We all know the quote “Knowledge is power’’, and we all can acknowledge that most of our knowledge comes from literature and books. So what if that is banned?
Books being banned has been a huge debate, but in that sense why would governments restrict the knowledge we can garner by banning books? There are a couple of explanations for it, such as ‘protecting’ the population – especially children- from potentially harmful and inappropriate content. But the likelihood of a child choosing an inappropriate book or even wanting to pick up a book in the first place is somewhat low unless encouraged by its guardians. Another explanation could be that it teaches harsh reality to a child much too soon before they have to know of it.
Protecting the kids?
But can’t it be argued that children need to be exposed to ‘harsher’ realities, in case they might be living through the said harsh reality? For example, books about the separation of parents or the loss of a loved one, are things that children most likely will relate to and might also find comfort in if they’re going through it, especially when 40-50% of marriages end in divorce in the US alone. Controversially, books that have non-heterosexual characters have been and continue to be forbidden in several places most notably the US, with the main driving forces being institutionalised homophobia.
Additionally, books containing themes of suicide have been banned in several instances, and whilst it’s comprehensible why, it needs to be considered that every day there are approximately 12 youth suicides. This brings me to the point that maybe some of these youths are troubled by ideations of self-harm or might find comfort in the literature that writes about things similar to what they’re going through.
Divisive Knowledge or Propaganda?
In complete irony, the book 1984 by George Orwell is banned in the US. The book is about a population under an oppressive regime referred to as ‘Big Brother’. It’s said to be banned for “Communist propaganda and a seditious call to overthrow organized states.” However, that is why it should be an encouraged read, as it can teach youths when a government might be oppressive and what behaviors they should look for. And let’s be honest, the likelihood of someone using it to try and overthrow the US government and be successful at it too, is very very low.

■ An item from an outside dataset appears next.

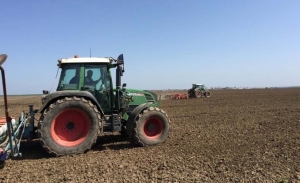 Holde Agri Invest achiziționează Agromixt Buciumeni și ajunge la 7.000 ha exploatate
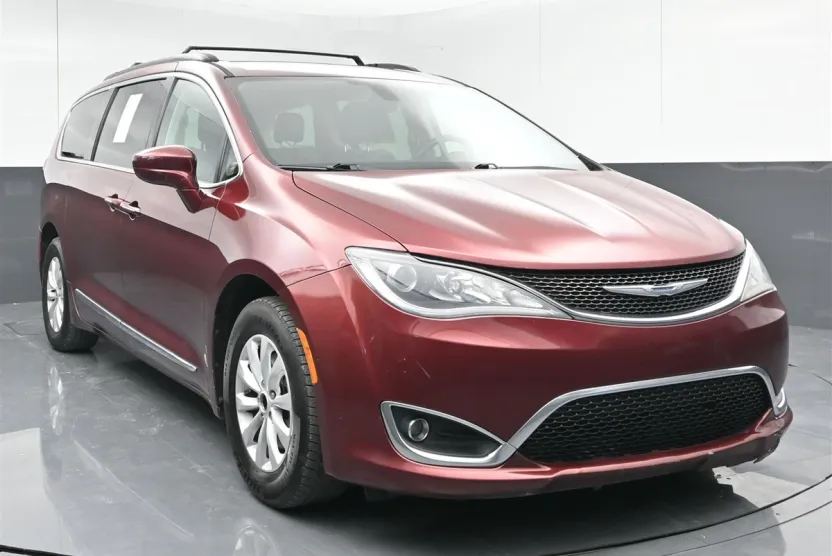 2017 Chrysler Pacifica Touring L photo 1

What the US education system appears to like doing is banning books that go against any political nuances or themes that do not fit with theirs, an example of which came through the banning “Gender Queer: A Memoir”, because it was too ‘sexually explicit’. Shouldn’t high school kids have these kinds of books and access to such insight when high schoolers are trying to find out who they are and what they like? During such heights of self-discovery, it should be essential that everyone has access to books they can relate to, and that they may be given a safe place, like the classroom, to discuss such works.
Hiding the original
Another good example of banned books may be in Germany, where “Mein Kampf” (Hitler’s manifesto) was forbidden up until 2016. The 2015 debate on lifting the ban on the book, sparked arguments such as “No one who reads it will become a Nazi”. Yet while the German government has made it legal to read and study in libraries, the only legal version is an annotated one. It remains forbidden to read the original version in public.
Whilst the commented version may be much more appropriate than Hitler’s original version, to really put ourselves into Hitler’s shoes and conceptualize his cognition, shouldn’t we also read the anti-Semitic and racist comments he made? We get access to them anyway from old recordings, so why ban it in writing?
We’ve now discussed heterosexual thematic books, suicidal idealization books, political books, and ‘sexually explicit’ books being kept hidden from the public. As well as having gone through the arguments as to why they’re forbidden from keeping children safe from harsher realities to preventing potentially brutal political action against governments. What do you think?